Helicopters and trucks are relocating hundreds of mountain goats from Olympic National Park in an effort officials said will protect natural resources, reduce visitor safety issues and boost native goat populations elsewhere in Washington state.
Professional crews used tranquilizer darts and net guns to capture the animals from rocky ridges and slopes within the national park, located about 100 miles (160 kilometers) west of Seattle.
The animals were blindfolded, put into specially made slings and airlifted to a staging area in the park.
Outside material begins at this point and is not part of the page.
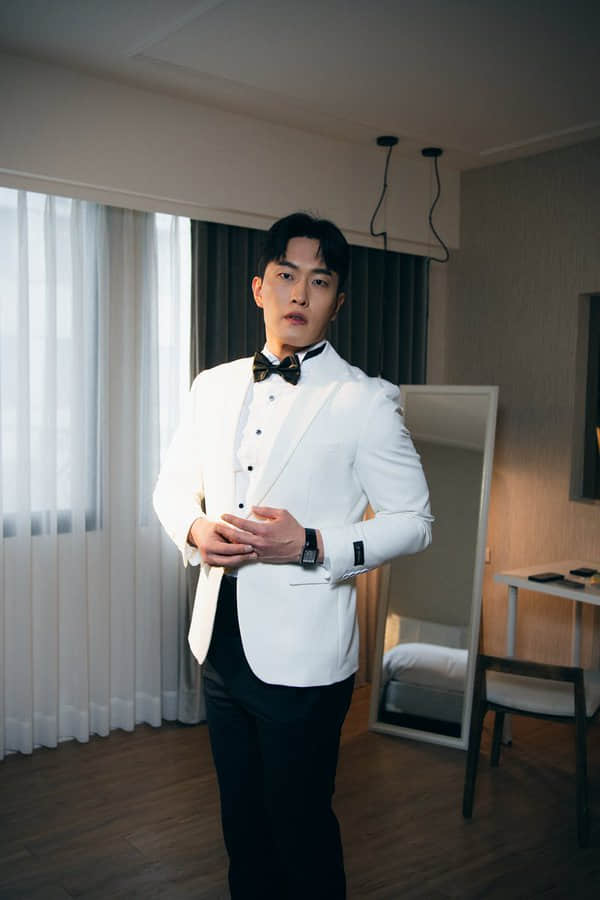 KBL-003 Gayerdar - My Bestie’s Groom Bred Me on Their Wedding-COSYGAY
They were examined, collared with a tracking device, given fluids and then began a journey by truck and ferry to another area in the North Cascades.
From there, they were flown in crates and released into alpine habitat.
A plan approved by park officials in June calls for about 375 goats to be moved to habitat in the North Cascades, where the animals are native. Park officials estimate between 275 and 325 goats that can't be caught will eventually be shot and killed.
Introduced to the area nearly a century ago, before the park was established, goats eat and trample sensitive vegetation, disturb soil when they wallow and can be menacing to backpackers and other visitors on trails, officials said. In 2010, an aggressive goat fatally charged at a hiker on a popular trail who followed him and his companions, renewing concerns about safety.
The "effort will relieve issues with non-native mountain goats in the Olympics while bolstering depleted herds in the northern Cascades," Olympic National Park Superintendent Sarah Creachbaum said in a statement.
Officials have tried for decades to control goats in the park.
They removed hundreds of the animals by helicopter in the 1980s. It proposed shooting hundreds from a helicopter in the 1990s but that idea was scrapped. They also experimented with sterilizing some animals to control the population.
Between 2004 and 2016, the goat population in the park more than doubled to 625. There are now about 725 animals.
Goats can be a nuisance along heavily used trails and around wilderness campsites because they seek out salt and minerals from human urine, backpacks and sweat on clothing, according to officials.
Penny Wagner, a park spokeswoman, said the goal is to relocate 100 by Sept. 24. The hope is that between now and next year, they'll be able to relocate several hundred more goats, she said.
Rachel Bjork, a board member with Northwest Animal Rights Network, called the plan to kill hundreds of goats inhumane. She said the goats have been a part of the national park landscape for decades and likely provide benefits to the ecosystem that are being overlooked.
She also worried about moving them to forests where they eventually could be subject to hunting. But Rachel Blomker, a spokeswoman with the Washington Department of Fish and Wildlife, said that while that could be the case, goat hunting is very limited, the season is short and requires a special permit.
Blomker said the agency's goal is to help boost the number of goats in the North Cascades to a sustainable population. "That's where they should be. That's their native habitat," Blomker said.
"So far, they all seem to be doing well," said Colton Whitworth, a Forest Service spokesman. "It should be a fairly easy transition."